Vertex Pharmaceuticals has reported breakthrough results from its ongoing Phase I/II clinical trial of VX-880, an investigational stem cell-derived islet cell therapy for type 1 diabetes (T1D). The data, presented at the American Diabetes Association's 84th Scientific Sessions, demonstrated that patients achieved insulin independence and complete elimination of severe hypoglycemic events, marking a potential paradigm shift in T1D treatment.
Trial Design and Patient Population
The FORWARD study is a multicentre, open-label, single-arm Phase I/II trial designed to evaluate the safety and efficacy of VX-880 in adults with T1D who experience impaired hypoglycemic awareness and severe hypoglycemic events (SHEs). The study enrolled patients with particularly challenging disease management, including those with at least two SHEs in the year before screening.
At baseline, all 14 dosed patients had undetectable fasting C-peptide levels, indicating complete loss of endogenous insulin production. Participants had an average age of approximately 44 years, mean HbA1c of 7.8%, and total daily insulin use of approximately 40 units per day.
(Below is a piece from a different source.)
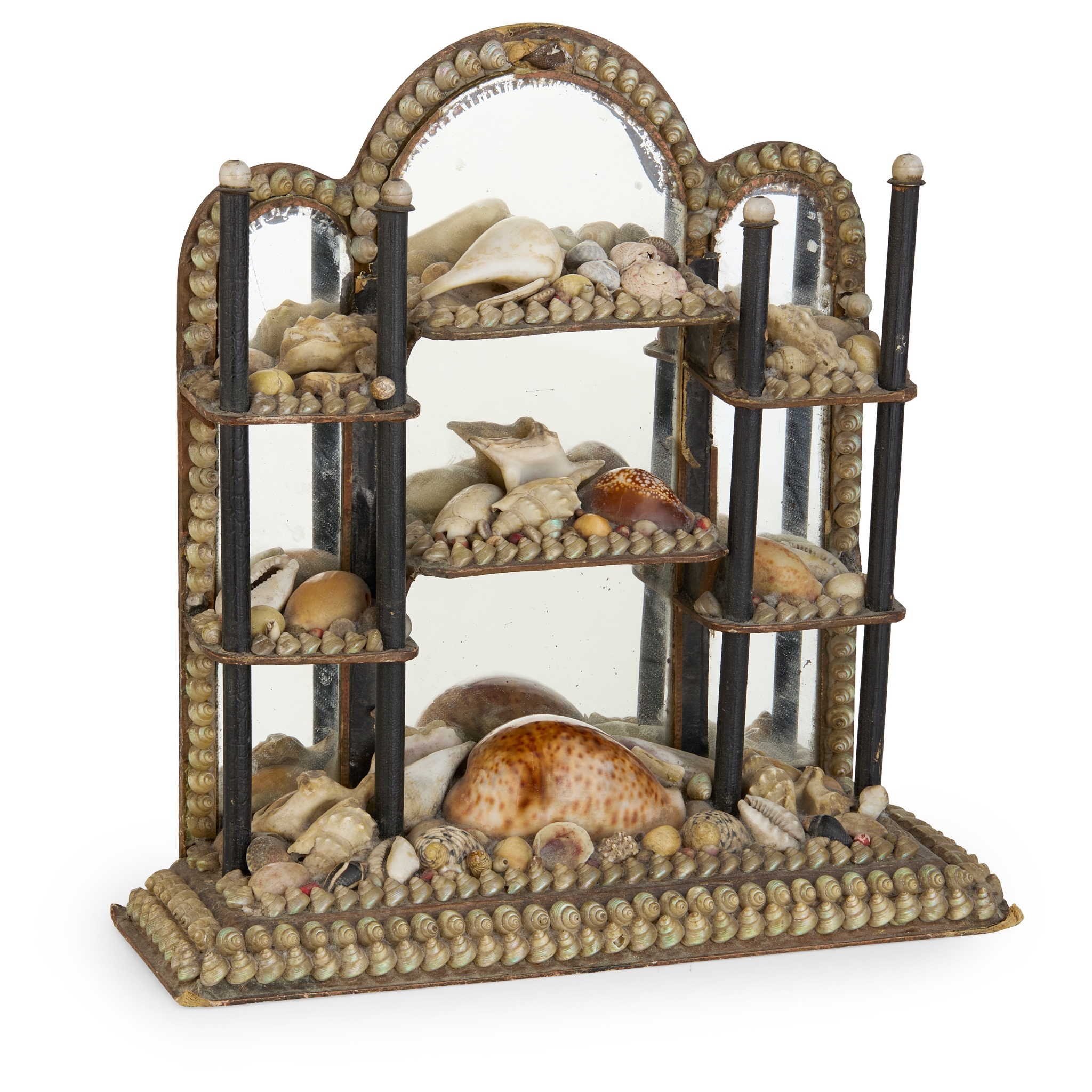 FRENCH MINIATURE SHELLWORK DISPLAY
Patients had experienced between two and four SHEs in the year prior to screening, representing a high-risk population with substantial unmet medical needs.
Remarkable Efficacy Outcomes
The results demonstrated unprecedented efficacy for VX-880 across multiple endpoints. All patients showed islet cell engraftment and glucose-responsive insulin production by day 90 post-infusion. The 12 patients who received the full dose in Parts B and C of the study all demonstrated improved glycemic control, achieving the American Diabetes Association's recommended targets for HbA1c below 7.0% and time-in-range above 70%.
Most remarkably, nearly all participants (11 out of 12) had reduced or eliminated their need for exogenous insulin at their last visit. Of the 10 participants who completed the Day 180 visit, seven are no longer using exogenous insulin, while two achieved approximately 70% reduction in their daily insulin use.
All patients experienced complete elimination of SHEs from day 90 onwards, addressing one of the most dangerous complications of T1D. Three patients who completed at least one year of follow-up met both the primary endpoint of SHE elimination with HbA1c below 7.0% and the secondary endpoint of insulin independence. Notably, 100% of patients with greater than one year of follow-up achieved these stringent criteria.
Safety Profile and Tolerability
The treatment demonstrated a favorable safety profile throughout the study period. VX-880 was well tolerated, with most adverse events being mild or moderate in nature. Importantly, no serious adverse events were linked to VX-880 administration. While two patient deaths occurred during the study period, both were deemed unrelated to the investigational treatment.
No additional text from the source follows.